►

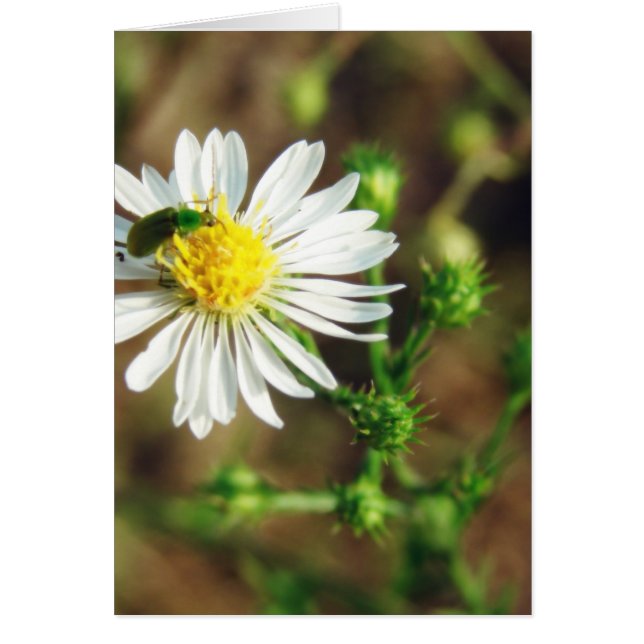 Weiße und grüne Blume und Insektenleere innen (Vorne)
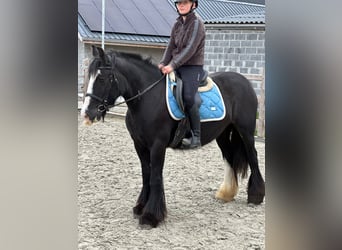 Tinker, Merrie, 4 Jaar, 144 cm, Zwart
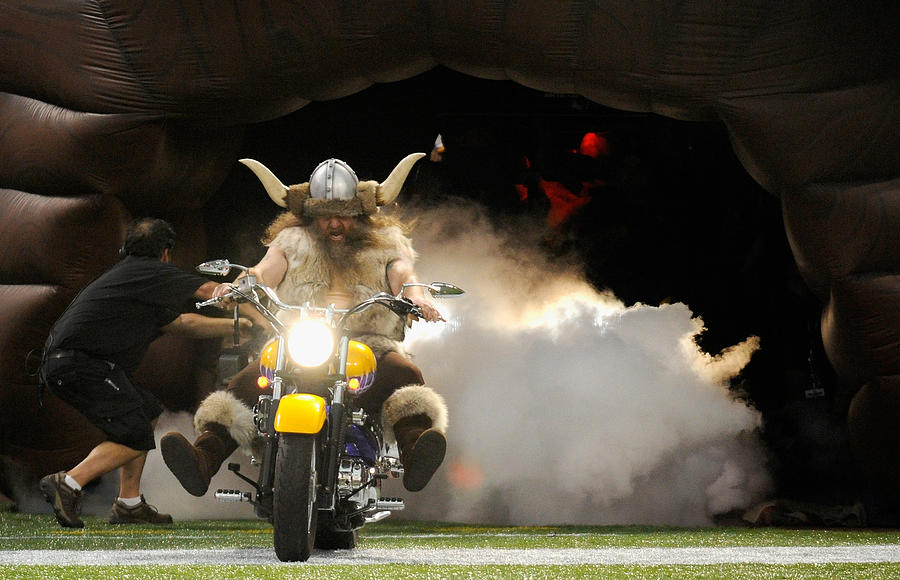 Houston Texans v Minnesota Vikings #4 Photograph by Hannah Foslien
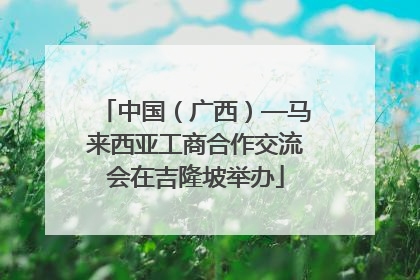 中国（广西）—马来西亚工商合作交流会在吉隆坡举办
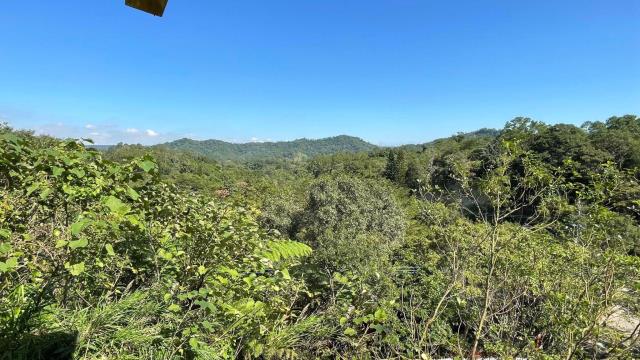 新竹關西山坡地-6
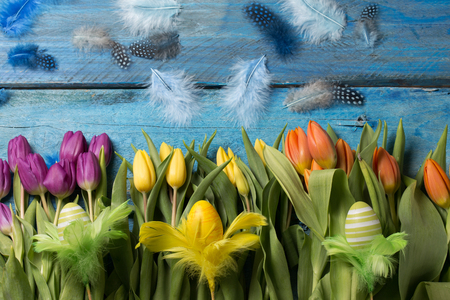 easter background with tulipsの写真素材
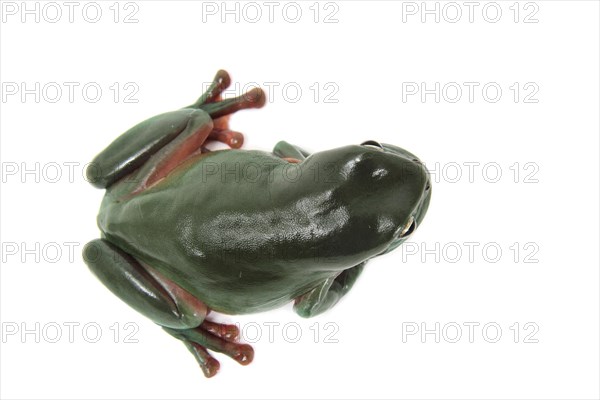 Dainty Green Tree Frog (Litoria gracilenta)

◄

§ **TASK ITEM**
Pictures do not belong in the copy. Repeat exactly each line from the one with "Tinker, Merrie, 4 Jaar, 144 cm, Zwart" through the end of the listing.

§ **ANSWER TO THE EXERCISE**
 Tinker, Merrie, 4 Jaar, 144 cm, Zwart
 Houston Texans v Minnesota Vikings #4 Photograph by Hannah Foslien
 中国（广西）—马来西亚工商合作交流会在吉隆坡举办
 新竹關西山坡地-6
 easter background with tulipsの写真素材
 Dainty Green Tree Frog (Litoria gracilenta)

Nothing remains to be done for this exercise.